[Items from a dataset]
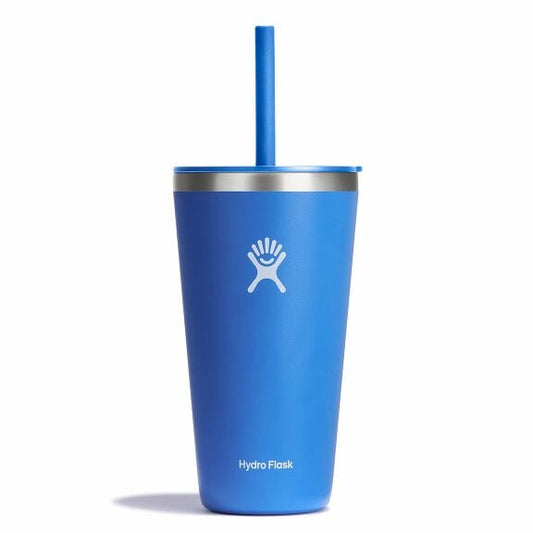 28-oz-all-around-tumbler-with-straw-lid-z9 t28ps482-cascade-straight_1_1.jpg
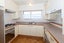 1/16 Sydney Street, Hauraki, Auckland - Carousel 4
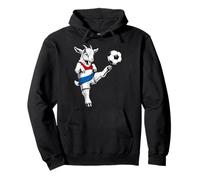 Dutch Flag Men Women Kids Netherlands Pullover Hoodie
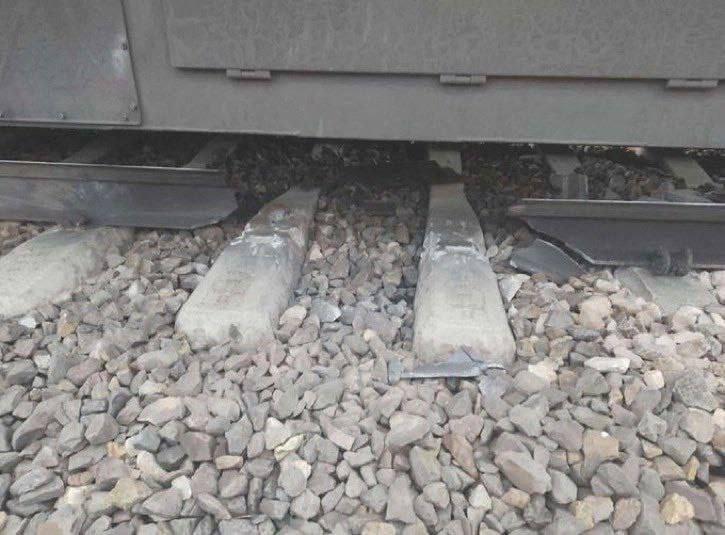 ��������� ���: �������� ��������� ������� ������ ��� �����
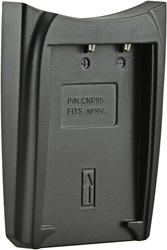 Batterij / Accu Adapters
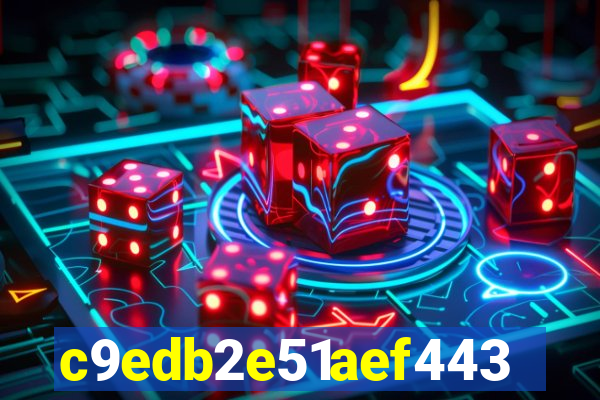 5gbeta
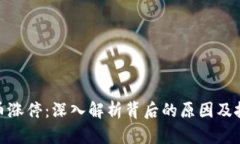 加密货币涨停：深入解析背后的原因及投资策略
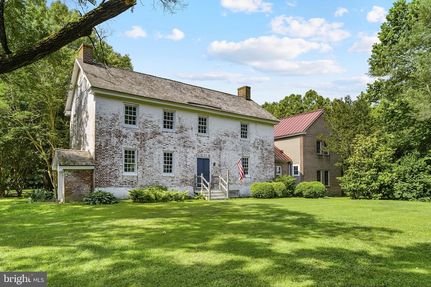 Residential Property for sale in Queen Annes County, Maryland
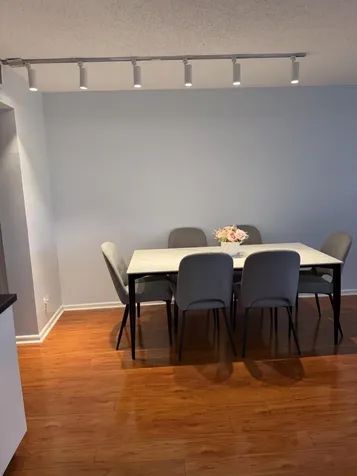 3062 Ainslie D Boca Raton FL 33434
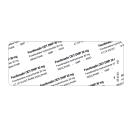 fexofenadin odt dwp 30mg 5 F2322 130x130px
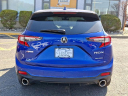 Thumbnail image of 2024 Acura RDX at ClintonAcura of Clinton, NJ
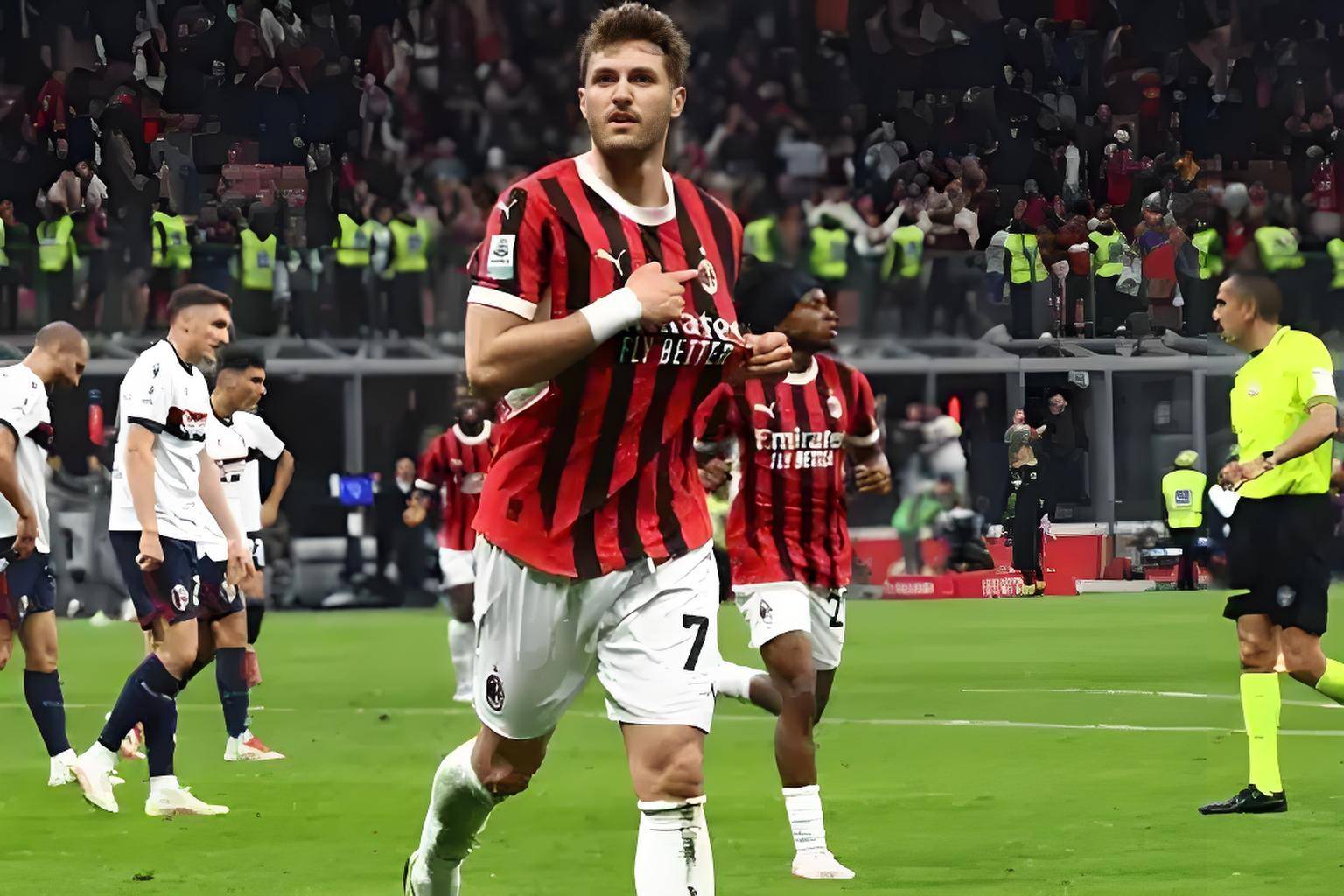 尼斯主场失利，陷入法甲保级危机的简单介绍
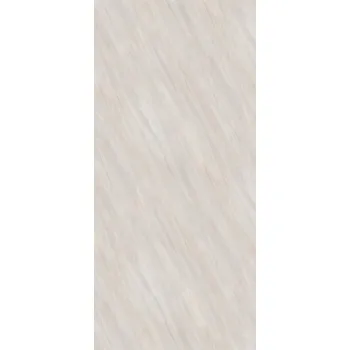 Kuchyňská pracovní deska EGGER Zástěna F675 ST75 Calvia kámen světle šedý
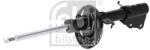 Febi Bilstein amortizor FEBI BILSTEIN 193113 (193113)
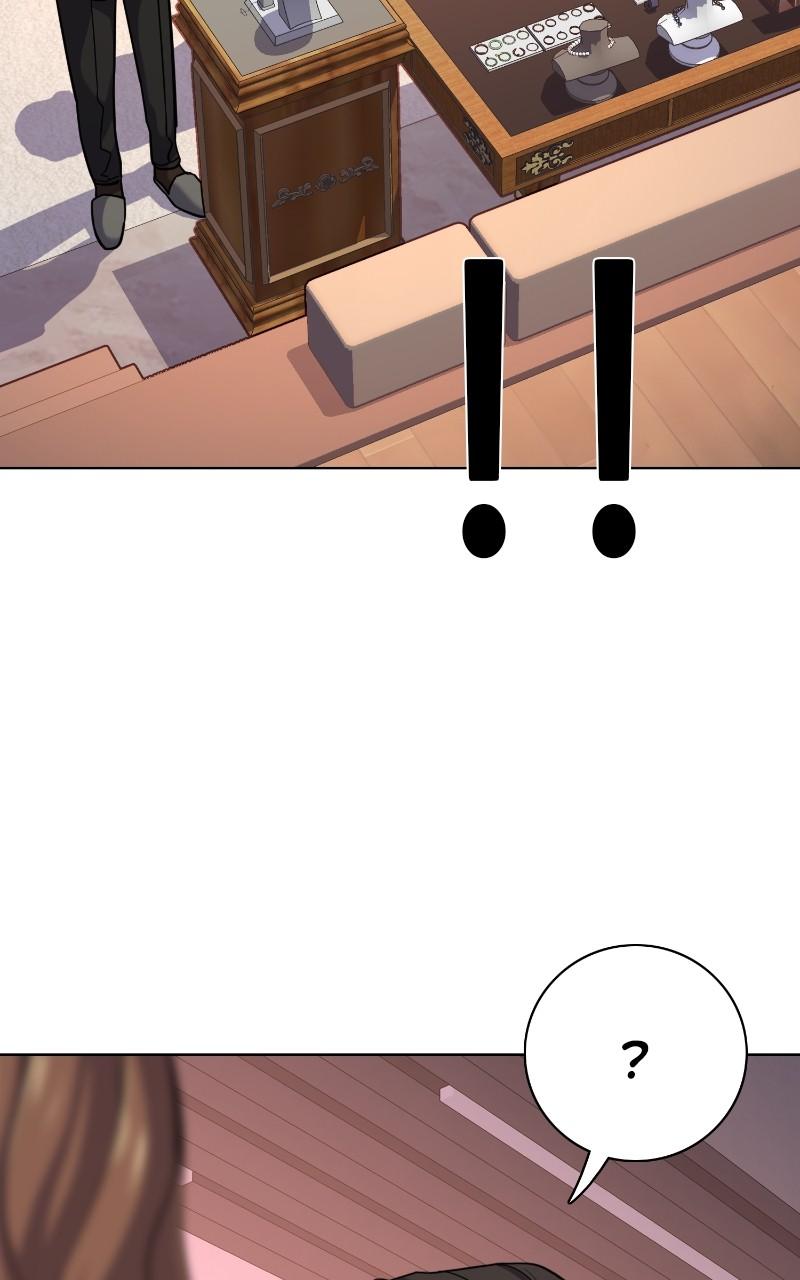 Reborn Rich Chap 117 - Next Chap 118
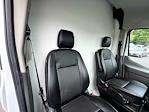 Used 2021 Ford Transit 250 Refrigerated Body V-320-20 Max for sale #A11923 - photo 27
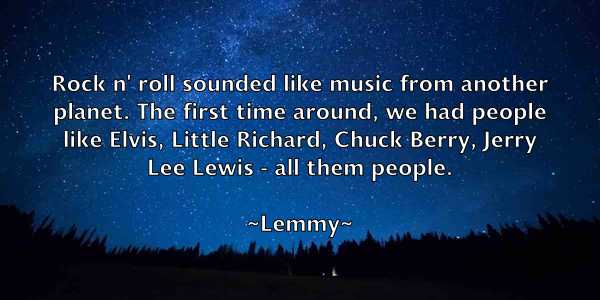 /images/quoteimage/lemmy-lemmy-499063.jpg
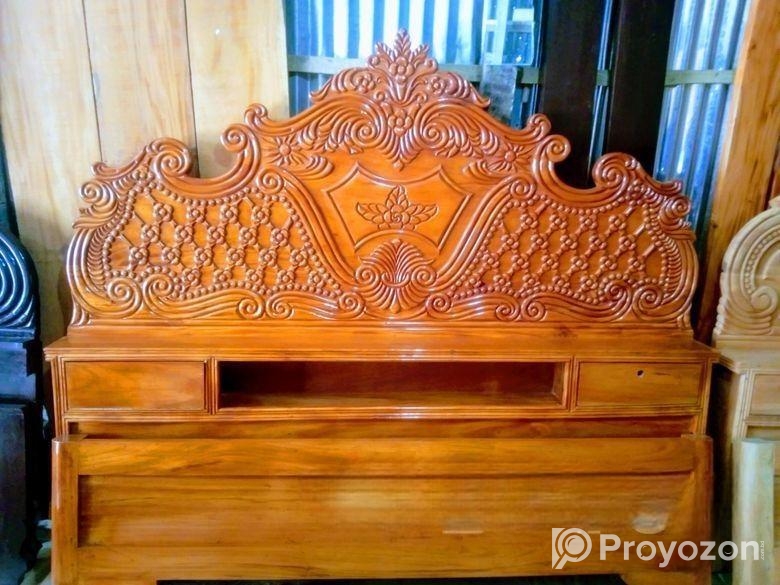 Bed for sell
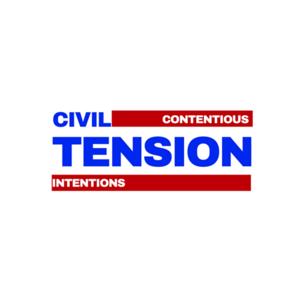 Civil-Tension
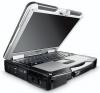 Photo for Rugged Notebook Market Study By End-User & Top Key Players - Acme Portable Machines, Inc., AMREL, Dell Inc., Getac Technology, Handheld Group AB, Lenovo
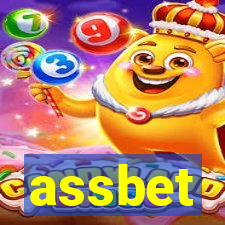 assbet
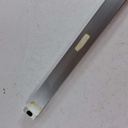 LS 403 470MM SCALE HEIDENHAIN LS 403 470mm Linear Scale CHARMILLES - REFURB-UNTESTED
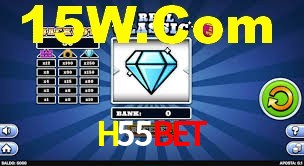 Sports Statistics H55Bet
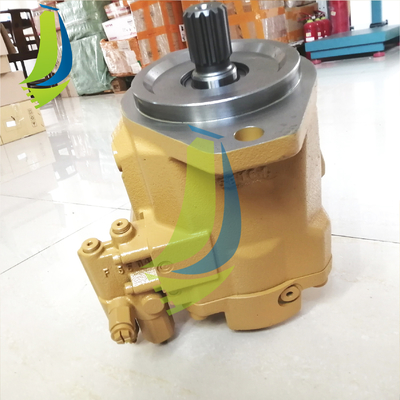 350-0666 Hydraulic Pump Piston Pump 3500666 for 414E 416E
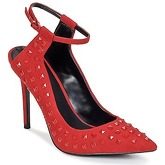 Scarpe Aldo YADORI
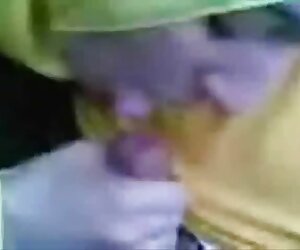 Genç Seks azeri bedava porno indir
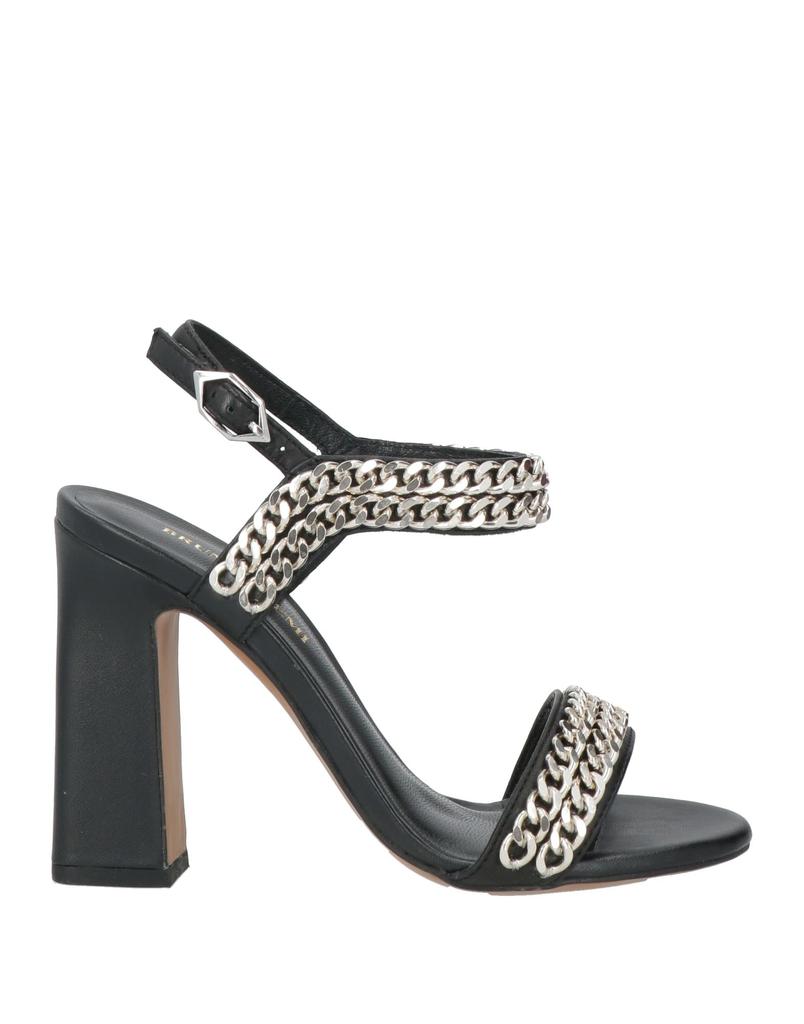 BRUNO PREMI Sandals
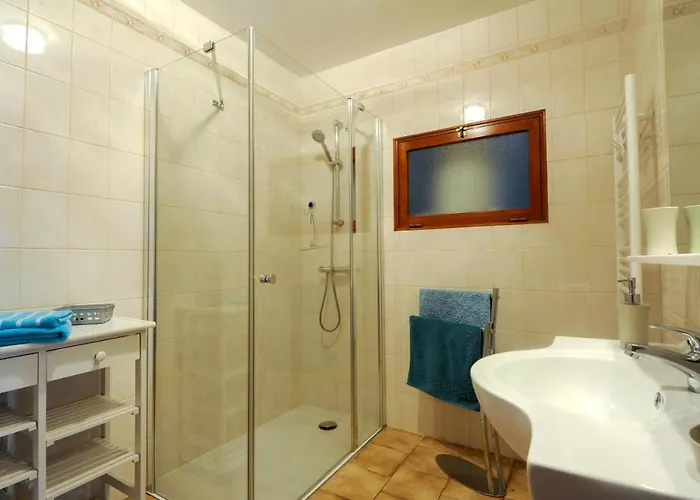 Le Du Cray Casa vacanze Radonvilliers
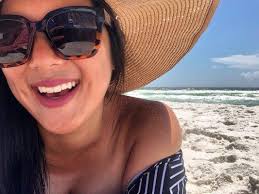 Lon Smith Roofing, 10821 Sanden Dr, Dallas, TX 75238, US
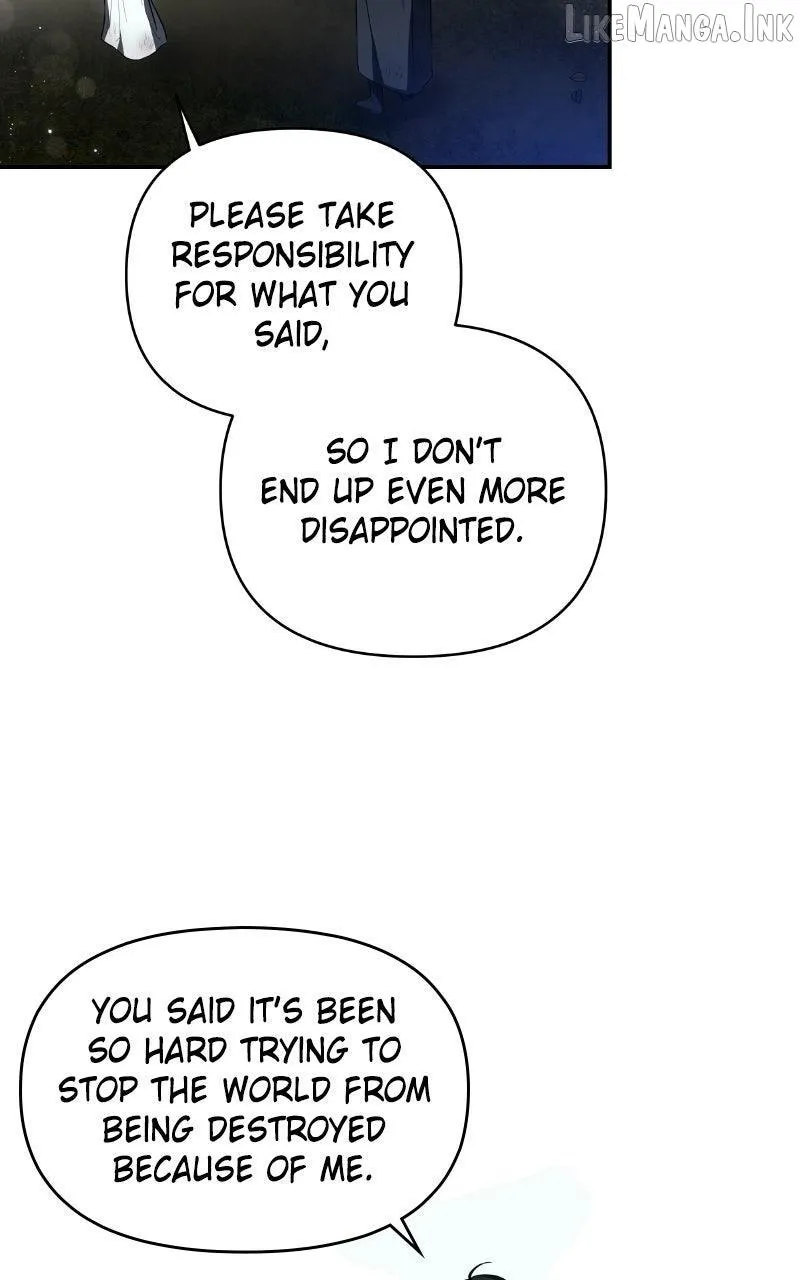 Thiendavis – For The Perfect Salvation Chapter 82 - Page 57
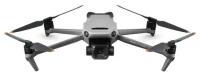 Квадрокоптер DJI Mavic 3 Classic (DJI RC)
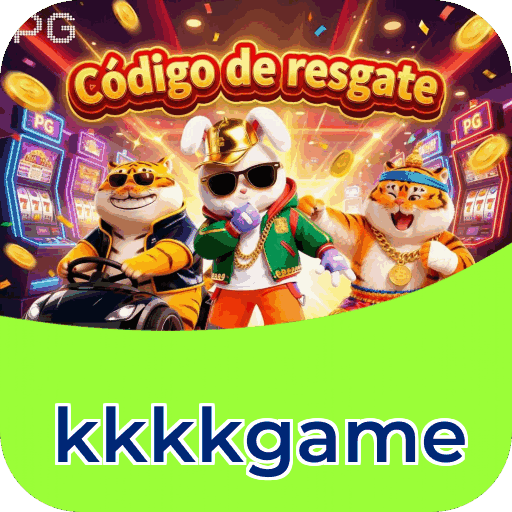Promoções e bônus exclusivos da kkkkgame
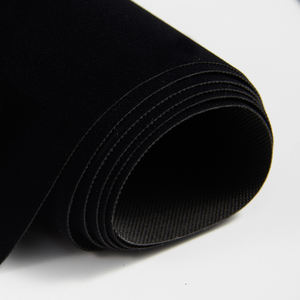 Fabricant en gros, meilleurs fonds de <span class=keywords><strong>studio</strong></span> <span class=keywords><strong>photo</strong></span>, écran vert, accessoires pour portraits d'adultes, toile de <span class=keywords><strong>fond</strong></span> pour séance <span class=keywords><strong>photo</strong></span> - Product Image 5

WHAT IS BEING ASKED:
Restate each of the entries above word for word and skip every image.

SOLUTION TO THIS TASK:
 28-oz-all-around-tumbler-with-straw-lid-z9 t28ps482-cascade-straight_1_1.jpg
 1/16 Sydney Street, Hauraki, Auckland - Carousel 4
 Dutch Flag Men Women Kids Netherlands Pullover Hoodie
 ��������� ���: �������� ��������� ������� ������ ��� �����
 Batterij / Accu Adapters
 5gbeta
 加密货币涨停：深入解析背后的原因及投资策略
 Residential Property for sale in Queen Annes County, Maryland
 3062 Ainslie D Boca Raton FL 33434
 fexofenadin odt dwp 30mg 5 F2322 130x130px
 Thumbnail image of 2024 Acura RDX at ClintonAcura of Clinton, NJ
 尼斯主场失利，陷入法甲保级危机的简单介绍
 Kuchyňská pracovní deska EGGER Zástěna F675 ST75 Calvia kámen světle šedý
 Febi Bilstein amortizor FEBI BILSTEIN 193113 (193113)
 Reborn Rich Chap 117 - Next Chap 118
 Used 2021 Ford Transit 250 Refrigerated Body V-320-20 Max for sale #A11923 - photo 27
 /images/quoteimage/lemmy-lemmy-499063.jpg
 Bed for sell
 Civil-Tension
 Photo for Rugged Notebook Market Study By End-User & Top Key Players - Acme Portable Machines, Inc., AMREL, Dell Inc., Getac Technology, Handheld Group AB, Lenovo
 assbet
 LS 403 470MM SCALE HEIDENHAIN LS 403 470mm Linear Scale CHARMILLES - REFURB-UNTESTED
 Sports Statistics H55Bet
 350-0666 Hydraulic Pump Piston Pump 3500666 for 414E 416E
 Scarpe Aldo YADORI
 Genç Seks azeri bedava porno indir
 BRUNO PREMI Sandals
 Le Du Cray Casa vacanze Radonvilliers
 Lon Smith Roofing, 10821 Sanden Dr, Dallas, TX 75238, US
 Thiendavis – For The Perfect Salvation Chapter 82 - Page 57
 Квадрокоптер DJI Mavic 3 Classic (DJI RC)
Promoções e bônus exclusivos da kkkkgame
 Fabricant en gros, meilleurs fonds de <span class=keywords><strong>studio</strong></span> <span class=keywords><strong>photo</strong></span>, écran vert, accessoires pour portraits d'adultes, toile de <span class=keywords><strong>fond</strong></span> pour séance <span class=keywords><strong>photo</strong></span> - Product Image 5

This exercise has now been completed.